Additional common misconceptions concern the eligibility for or availability of the FFCRA paid-leave tax credits, according to Robert Delgado, KPMG’s principal-in-charge of tax compensation and benefits in San Diego, and Katherine Breaks, KPMG’s tax principal in Washington, D.C. They include these incorrect assumptions:
- The group aggregation rules for determining whether an employer is eligible for the paid-leave tax credits under the FFCRA are the same for determining employer eligibility for other COVID-19-related relief, such as the employee retention credit under the CARES Act. While some employers assume that the group aggregation rules used to determine eligibility for the paid-leave tax credits are driven by tax rules, they actually are defined by the labor rules and outlined in U.S. Department of Labor guidance, as the tax credit is secondary to the requirement to provide paid leave. Under these rules, a corporation is typically considered to be a single employer but must be aggregated with another corporation if considered joint employers under the Fair Labor Standards Act rules with respect to certain employees or if they meet the integrated employer test under the Family and Medical Leave Act (FMLA).
- Employers must choose between claiming tax credits for paid leave under the FFCRA or for wages paid to employees under the employee retention credit, but they may not claim both.
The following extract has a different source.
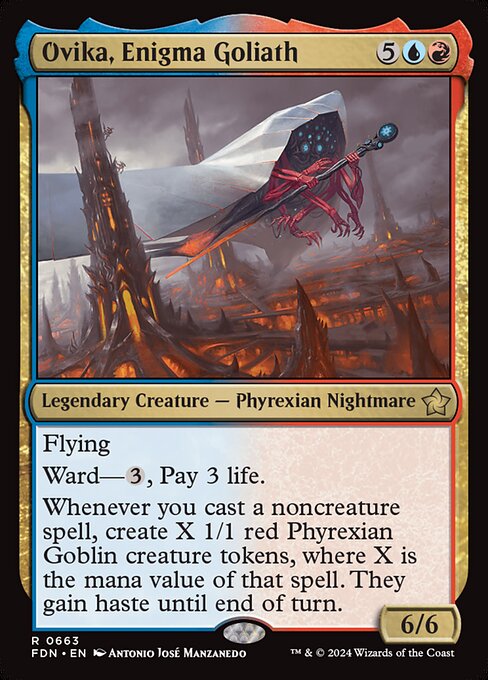 Ovika, Enigma Goliath (663) [Foundations]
In fact, eligible employers may receive tax credits available under the FFCRA for required paid leave, as well as the employee retention credit, but not for the same wage payments. Similarly, employers can provide both qualified sick-leave wages and qualified family-leave wages and claim a tax credit for both, but not for the same hours. Employers may not receive a double benefit by claiming a tax credit under Section 45S taking into account the same qualified leave wages.
Delgado and Breaks stated that other misconceptions include the following:
- The tax credit is limited to the qualified wages an employer must pay to an employee under the FFCRA for emergency paid sick leave and expanded FMLA. In fact, the tax credit is generally equal to 100 percent of the qualified wages an employer must pay under the FFCRA for emergency paid sick leave and expanded FMLA increased by the employer’s share of Medicare owed on the wages, as well as any qualified health plan expenses.
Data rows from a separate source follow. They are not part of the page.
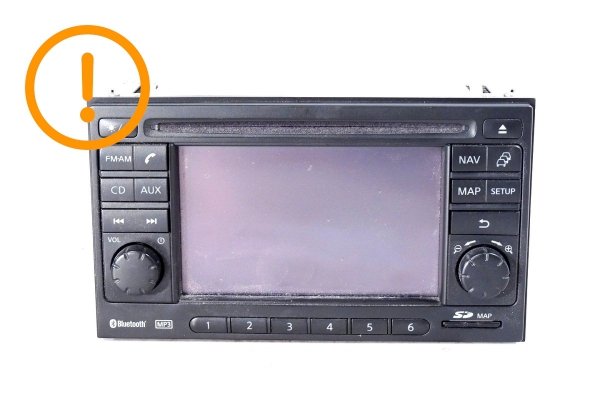 Radio z nawigacją Nissan Note E11 LIFT 2011 (2009-2012)  Hatchback 5-drzwi 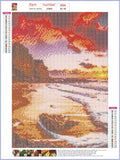 Full Diamond Painting kit - Seaside scenery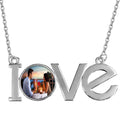 Custom Text Necklace: Plated Personalized Pendant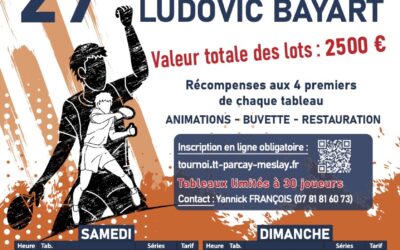 Tournoi Ludovic Bayart à Parçay-Meslay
- An employer may not receive tax credits for FFCRA-required paid leave if it receives a Small Business Administration Paycheck Protection Program loan. Actually, an employer may receive tax credits for paid leave under the FFCRA, as well as a Small Business Administration Paycheck Protection Program loan, but the qualified wages are not eligible as payroll costs for the purposes of loan forgiveness.
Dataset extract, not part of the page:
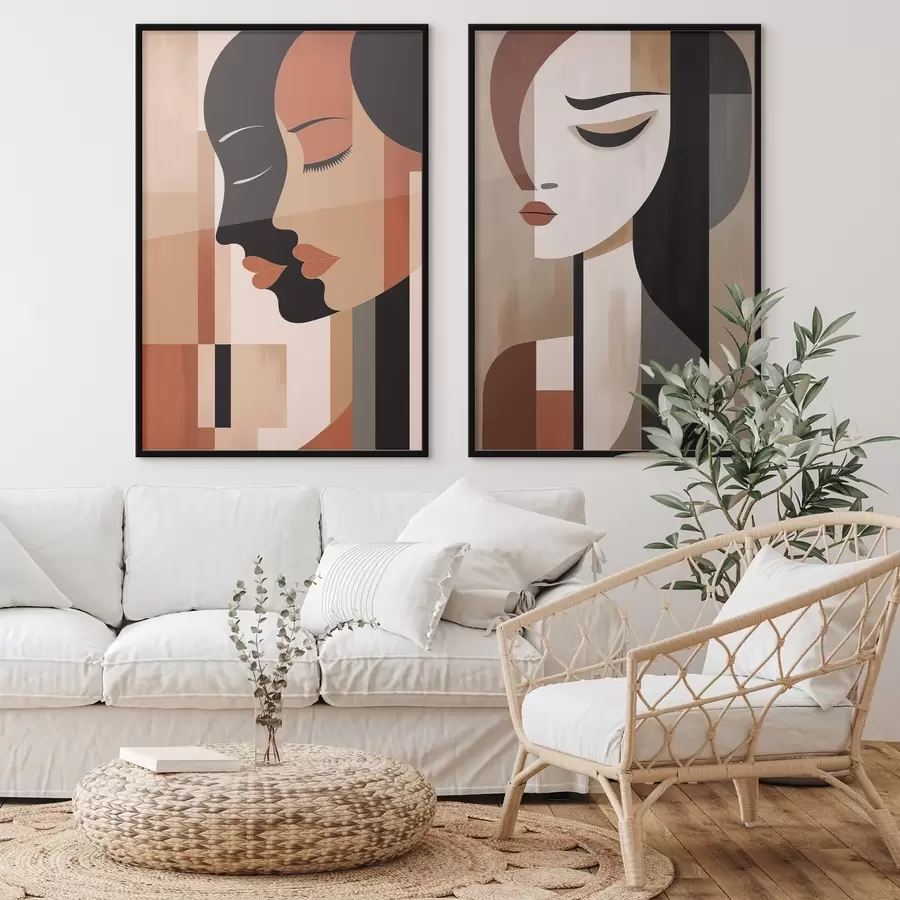 Картина Абстрактні обличчя d00847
- Employers can exclude the amount of the paid-leave tax credit from gross income. In fact, employers must include the full amount of the credits in gross income—that is, qualified leave wages plus any allocable qualified health plan expenses and the employer’s share of the Medicare tax on the qualified leave wages. But employers may deduct the amount paid for emergency paid sick leave and expanded FMLA as an ordinary and necessary business expense in the taxable year paid or incurred, including wages for which they expect to take a tax credit.
“If an employer fails to claim a paid-leave tax credit on their Form 941 for the applicable quarter in which the leave wages are paid, the employer can submit a Form 941-X to reflect the corrections, including eligibility for the credit,” Delgado and Breaks also noted.